A comparative study on the dynamic loading response of heat-treated soft and medium hard rocks

Abstract

The present study assesses the effects of thermal exposure on the strength, stiffness, and fracture propagation in different rocks subjected to impact loading. The dynamic loading response of soft (synthetic die stone) and medium hard (natural marble) rocks are compared in this study. In the experiments, Split Hopkinson Pressure Bar (SHPB) tests are carried out on the heat-treated rock samples. A high-speed camera records the whole failure process of these specimens, and digital image correlation (DIC) is employed to track the evolution of strain during SHPB compression testing.
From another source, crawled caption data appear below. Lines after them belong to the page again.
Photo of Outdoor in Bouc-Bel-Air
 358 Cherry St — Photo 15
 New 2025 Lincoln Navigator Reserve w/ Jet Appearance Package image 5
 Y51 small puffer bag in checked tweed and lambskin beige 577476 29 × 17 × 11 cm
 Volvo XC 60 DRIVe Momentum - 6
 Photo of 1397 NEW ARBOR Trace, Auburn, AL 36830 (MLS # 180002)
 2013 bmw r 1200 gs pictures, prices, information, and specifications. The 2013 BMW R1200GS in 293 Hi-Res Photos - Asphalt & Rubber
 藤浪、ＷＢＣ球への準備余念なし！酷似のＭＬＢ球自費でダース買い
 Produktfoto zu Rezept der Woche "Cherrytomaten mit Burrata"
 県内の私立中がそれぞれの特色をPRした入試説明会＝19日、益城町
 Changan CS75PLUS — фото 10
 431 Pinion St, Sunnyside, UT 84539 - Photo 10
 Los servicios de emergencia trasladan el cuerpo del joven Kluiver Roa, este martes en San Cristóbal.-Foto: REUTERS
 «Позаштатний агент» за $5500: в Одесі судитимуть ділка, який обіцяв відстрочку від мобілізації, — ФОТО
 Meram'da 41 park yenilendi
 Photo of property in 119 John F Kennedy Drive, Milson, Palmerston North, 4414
The variation of mechanical properties of intact rocks with heating temperature is characterized by various thermal zones depending on the transition temperature, which identifies a significant shift in the impact loading response due to heating-induced micro-crack formation. Rocks made of synthetic materials and marble have transition temperatures between 100 and 150 °C and 500 – 650 °C, respectively. In the pre-transition regime, the dynamic compressive strength slightly rises or stays almost unchanged, whereas in the transitional regime, compressive strength falls drastically, and it does not show any vital changes with increasing treatment temperatures in the post-transitional regime. For synthetic rocks and marble, the critical heating durations are 10 and 5 h, respectively, and strength changes are relatively minimal after these heating durations. With increasing temperature (from 30 °C to 300 °C), the fracture pattern of synthetic specimens shifts from shear-tensile-dominated to tensile-dominated followed by shear-dominated. For marble specimens, the fracture pattern shifts from shear-tensile-dominated to shear-dominated as the temperature rises from room temperature to 650 °C.